A pesquisa começou há vinte anos.
Com tempo livre e uma moto na garagem, Pedro comprou um guia Quatro Rodas, outro sobre os bens tombados da cidade, e pôs-se à empreitada particular de conhecer todos os bairros do Rio.
Não conseguiu, mas chegou aos honrosos 1502 endereços - entre bairros, favelas e locais de importância afetiva, como a escada do chileno Slarón, na Lapa, ou as Ilhas Cagarras.

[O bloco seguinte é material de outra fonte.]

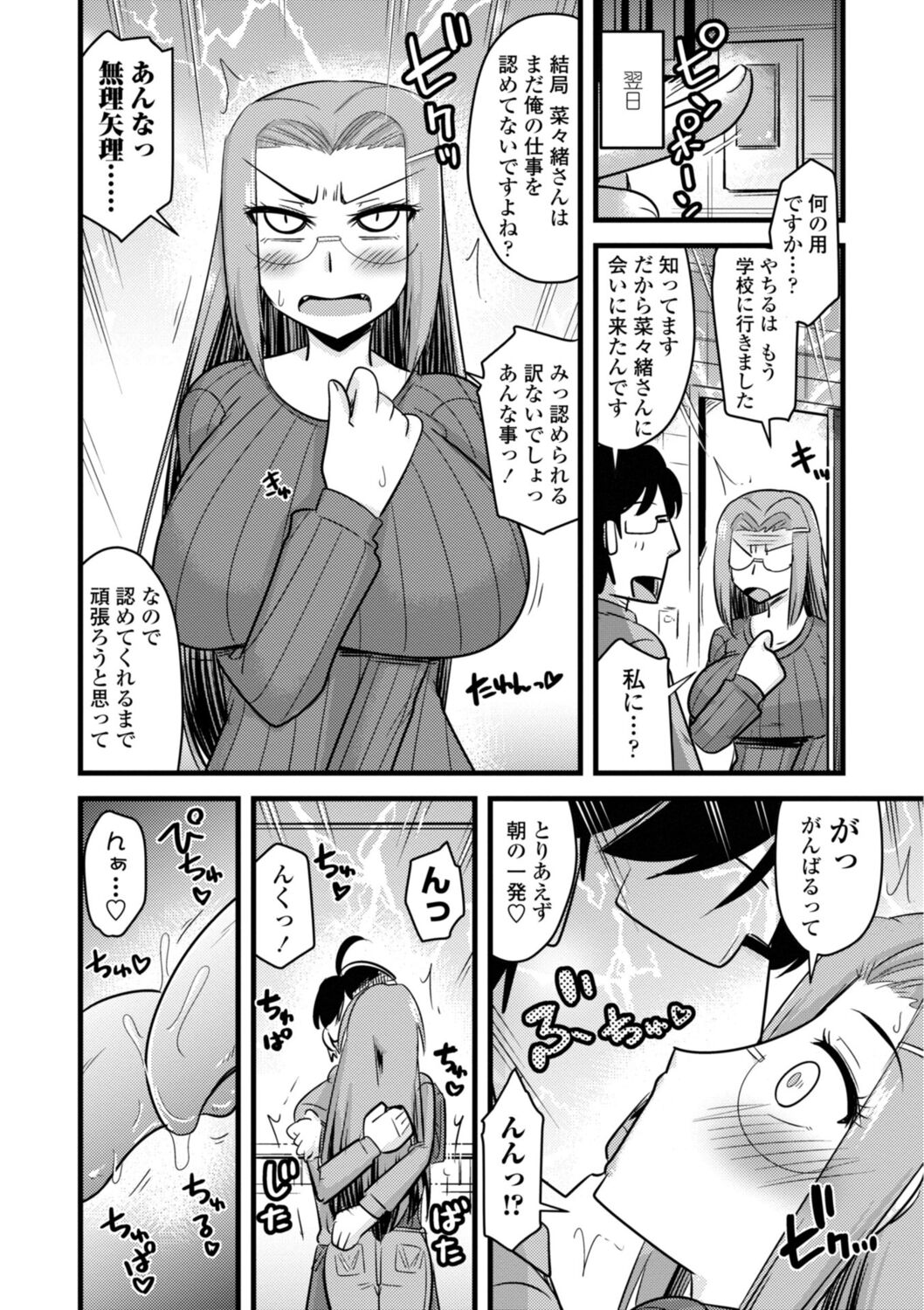 Oideyo NTR Danchi - Page 134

Seu receio era de que, em meio a tantas referências contidas no livro, de modo mais ou menos explícito, a história em si ficasse em segundo plano.
Talvez por isso, os trechos sobre violência e polícia (e violência policial) tenham adquirido tintas tão carregadas.
Ambientado em 2001 - antes, portanto, da chegada das Unidades de Polícia Pacificadora -, "Maldito Juscelino" traz, em palavras ficcionais de oficiais da PM, comandantes do Bope, traficantes e usuários de drogas, a radiografia de uma cidade, ao contrário de Brasília, nada planejada.
"Sou um entusiasta das UPPs, elas são um passo no caminho certo, mas estão longe de ser a panaceia.
Como o próprio (secretário de Segurança, José Mariano) Beltrame diz, uma coisa é reduzir a violência, outra é acabar com o tráfico.
Cada vez que vou ao Rio me parece que a cidade tresanda a droga; as pessoas fumam maconha na praia, em festas, e falam sobre isso com naturalidade.
Ora, crime é aquilo que a sociedade repudia - e acho que no Rio a sociedade não repudia a droga.
Então precisamos discutir isso: como é possível implementar uma lei contra algo que é socialmente aceito?
Desde que sou criança vejo essa política do enfrentamento, que mata mais do que a doença; para cada pessoa que morre de overdose, dezenas morrem no combate ao tráfico.
Então me parece que o modelo está falido.
E a primeira coisa que se aprende numa escola militar é: guerra perdida você não luta".